The number of mortgages for house purchase in May reached the highest level in almost three years, the latest figures from UK Finance have shown.
Approvals for house purchase were close to 50,000 in May, an increase of 9.1 per cent compared to a year earlier and the highest level since June 2016.
But remortgage numbers dropped back by 3.7 per cent to 30,579 in May compared to the same time last year.
Gross lending was £21.9bn, down by 0.4 per cent on May 2018.
Phoebus Software sales and marketing director Richard Pike says: “It appears the market is moving again despite the ongoing political turmoil in the UK.”
But he warns that the industry must keep a close eye on credit card spending, which was up by 5.6 per cent to £11.3bn in May.
Pike questions whether borrowers may be using credit cards to help keep up repayments on other debts.
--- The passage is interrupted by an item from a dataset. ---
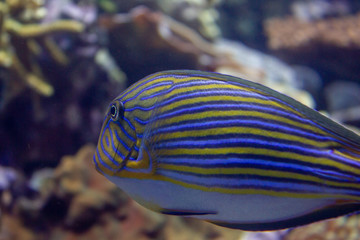 Fisch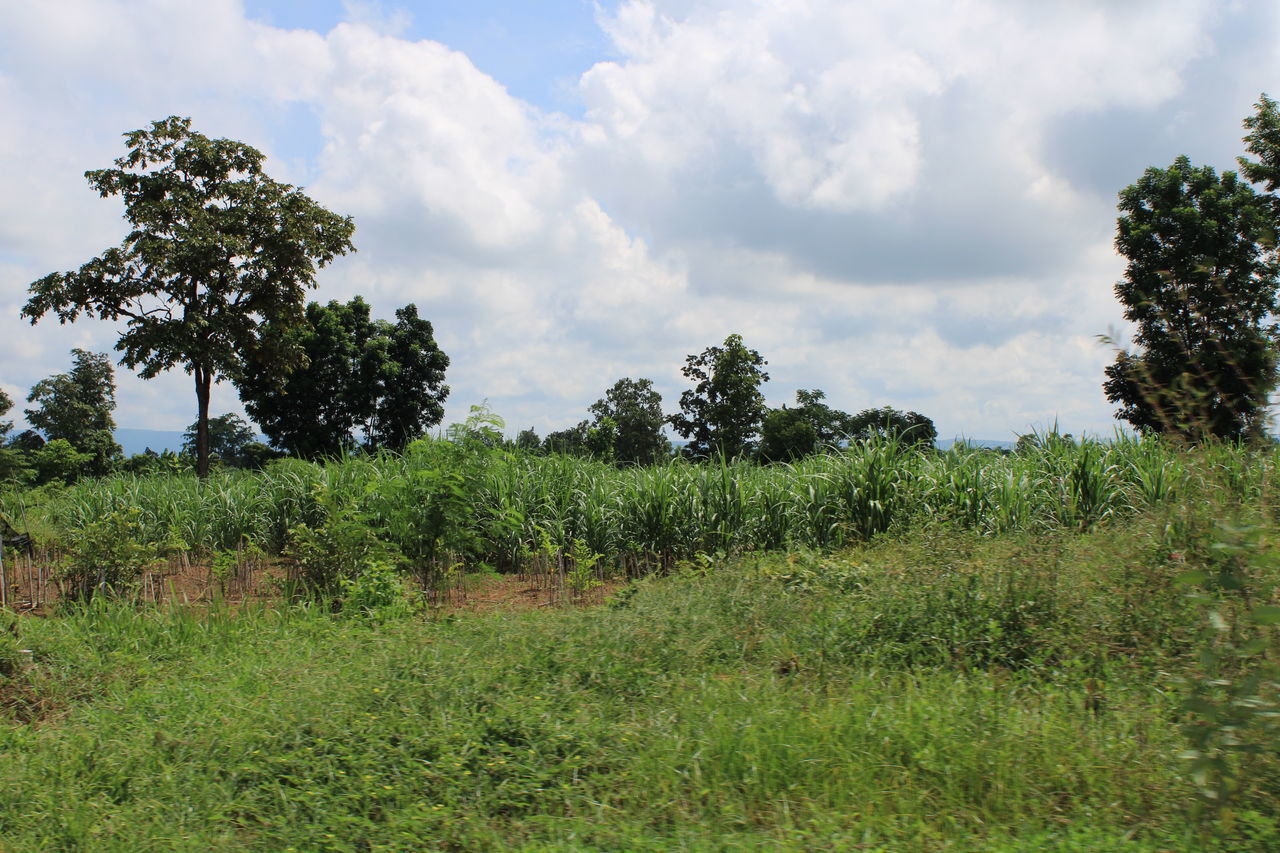 PLANTS GROWING ON LAND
He says: “We must not only consider levels of debt but future affordability if credit card spending keeps increasing.”
Just Mortgages and Spicerhaart national operations director John Phillips says: “We knew there had to be a change at some point, as all those people who had been delaying buying because if Brexit would eventually decide to make a move, and now we can see that change has happened, with home purchase approvals at their highest level since June 2016, which is just after the referendum.
“And I hate to say it, but I think this is about Brexit.
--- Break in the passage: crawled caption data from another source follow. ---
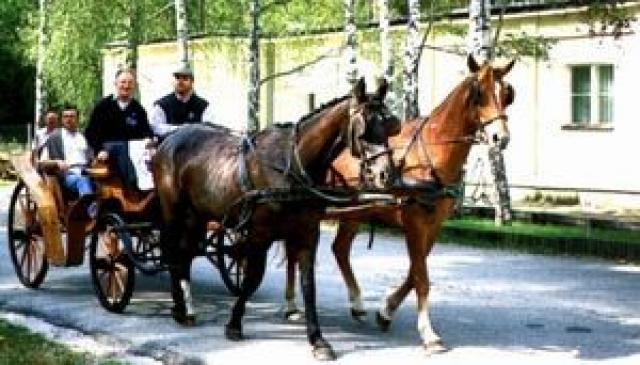 Photos for house 639920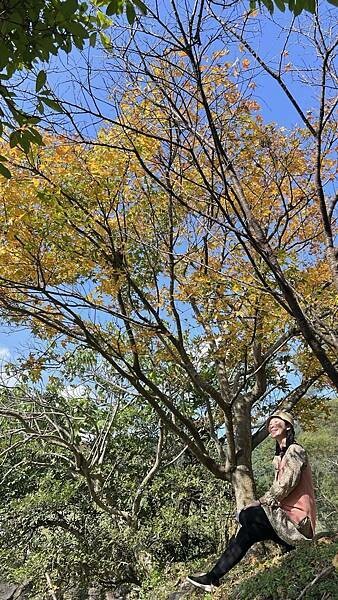 大IMG_0161 (1).jpeg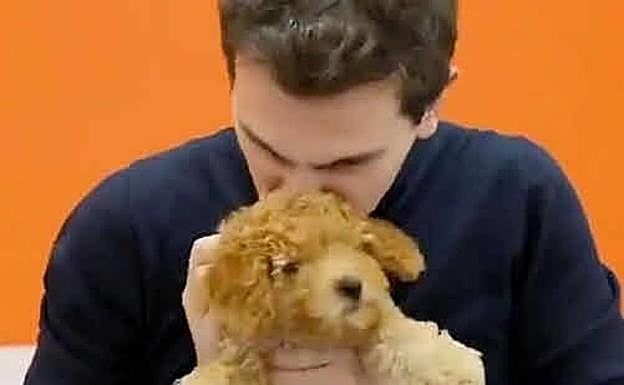 El 'no es no' de Rivera a Sánchez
“The deadline for leaving Europe has already been delayed until October 31, and in all likelihood – thanks to a change in Prime Minister between now and then – will be delayed again.
“House prices are relatively steady, rates are still low and incentives like Help to Buy are still in place, so now is a good time to buy.
“Plus, of course, home purchase always spikes over the summer so I think we will see levels rise further going into the next few months.”
SPF Private Clients chief executive Mark Harris says: ‘The increase in mortgages for home purchase, rising to the highest level in three years, is hugely encouraging when you consider the political uncertainty which is causing many people to put decisions to move on hold.
“It suggests a much more resilient market than one might expect, and once a decision is made over Brexit, one way or another, we are likely to see a further uptick in transactions as pent-up demand is released.”